InterSpeech 2021

System performance as a function of calibration methods, sample size and sampling variability in likelihood ratio-based forensic voice comparison
(longer introduction)

Bruce Xiao Wang (University of York, UK), Vincent Hughes (University of York, UK)
In data-driven forensic voice comparison, sample size is an issue which can have substantial effects on system output. Numerous calibration methods have been developed and some have been proposed as solutions to sample size issues. In this paper, we test four calibration methods (i.e. logistic regression, regularised logistic regression, Bayesian model, ELUB) under different conditions of sampling variability and sample size. Training and test scores were simulated from skewed distributions derived from real experiments, increasing sample sizes from 20 to 100 speakers for both the training and test sets. For each sample size, the experiments were replicated 100 times to test the susceptibility of different calibration methods to sampling variability.
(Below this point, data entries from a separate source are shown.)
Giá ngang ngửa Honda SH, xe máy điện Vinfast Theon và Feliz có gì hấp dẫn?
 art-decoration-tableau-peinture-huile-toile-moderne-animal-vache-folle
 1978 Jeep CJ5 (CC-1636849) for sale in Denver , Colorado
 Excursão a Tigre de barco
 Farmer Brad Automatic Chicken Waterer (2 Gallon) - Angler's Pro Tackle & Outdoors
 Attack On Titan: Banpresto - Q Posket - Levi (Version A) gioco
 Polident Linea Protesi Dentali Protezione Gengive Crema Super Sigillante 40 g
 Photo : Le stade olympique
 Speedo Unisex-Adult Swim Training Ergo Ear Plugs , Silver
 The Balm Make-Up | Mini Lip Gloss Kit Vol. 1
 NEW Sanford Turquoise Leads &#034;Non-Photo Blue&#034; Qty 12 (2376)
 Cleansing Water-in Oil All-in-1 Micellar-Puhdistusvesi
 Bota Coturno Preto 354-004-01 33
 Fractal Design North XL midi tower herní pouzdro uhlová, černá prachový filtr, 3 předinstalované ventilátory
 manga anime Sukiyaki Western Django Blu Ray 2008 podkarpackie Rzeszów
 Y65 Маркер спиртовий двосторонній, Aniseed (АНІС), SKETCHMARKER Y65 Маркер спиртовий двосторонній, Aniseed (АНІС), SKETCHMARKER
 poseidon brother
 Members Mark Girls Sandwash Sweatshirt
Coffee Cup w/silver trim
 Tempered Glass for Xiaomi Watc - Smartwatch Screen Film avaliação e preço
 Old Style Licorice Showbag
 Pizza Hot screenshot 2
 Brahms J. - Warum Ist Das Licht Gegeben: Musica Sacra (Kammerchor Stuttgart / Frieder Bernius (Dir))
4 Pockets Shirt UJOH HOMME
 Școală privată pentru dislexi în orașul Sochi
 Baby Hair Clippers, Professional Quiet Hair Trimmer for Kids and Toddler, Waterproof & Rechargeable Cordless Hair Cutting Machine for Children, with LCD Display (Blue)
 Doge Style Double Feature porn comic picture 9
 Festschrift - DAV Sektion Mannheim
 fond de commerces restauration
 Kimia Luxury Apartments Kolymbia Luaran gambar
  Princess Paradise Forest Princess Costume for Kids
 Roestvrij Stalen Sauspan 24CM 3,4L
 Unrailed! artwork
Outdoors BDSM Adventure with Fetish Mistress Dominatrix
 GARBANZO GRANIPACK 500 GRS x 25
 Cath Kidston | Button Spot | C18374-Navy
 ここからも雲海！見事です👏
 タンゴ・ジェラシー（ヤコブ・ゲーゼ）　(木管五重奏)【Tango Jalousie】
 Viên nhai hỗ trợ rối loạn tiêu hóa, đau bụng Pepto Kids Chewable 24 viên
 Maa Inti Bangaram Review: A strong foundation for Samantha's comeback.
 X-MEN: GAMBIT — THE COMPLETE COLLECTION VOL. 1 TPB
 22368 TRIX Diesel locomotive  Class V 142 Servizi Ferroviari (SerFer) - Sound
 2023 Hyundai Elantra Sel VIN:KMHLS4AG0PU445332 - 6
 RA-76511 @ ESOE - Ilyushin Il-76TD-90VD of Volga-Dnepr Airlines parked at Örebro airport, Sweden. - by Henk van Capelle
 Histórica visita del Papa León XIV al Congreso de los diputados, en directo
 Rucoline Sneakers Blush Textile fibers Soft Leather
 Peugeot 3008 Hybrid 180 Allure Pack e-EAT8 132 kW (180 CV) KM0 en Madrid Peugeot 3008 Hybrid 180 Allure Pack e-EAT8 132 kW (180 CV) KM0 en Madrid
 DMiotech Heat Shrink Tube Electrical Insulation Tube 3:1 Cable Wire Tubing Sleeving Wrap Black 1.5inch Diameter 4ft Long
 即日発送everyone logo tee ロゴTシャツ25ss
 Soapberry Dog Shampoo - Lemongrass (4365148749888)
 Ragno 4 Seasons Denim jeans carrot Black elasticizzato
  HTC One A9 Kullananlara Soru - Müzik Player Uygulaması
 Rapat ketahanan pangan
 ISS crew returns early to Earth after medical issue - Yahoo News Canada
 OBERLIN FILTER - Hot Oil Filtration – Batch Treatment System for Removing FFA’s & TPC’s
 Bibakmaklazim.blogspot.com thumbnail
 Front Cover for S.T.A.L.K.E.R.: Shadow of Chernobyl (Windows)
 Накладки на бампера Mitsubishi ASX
The Cllr mean and range across replications were used for evaluation. The Bayesian model and regularized logistic regression produced the most stable Cllr values when the sample size is small (i.e. 20 speakers), although mean Cllr is consistently lowest using logistic regression. The ELUB calibration method generally is the least preferred as it is the most sensitive to sample size and sampling variability (mean = 0.66, range = 0.21–0.59).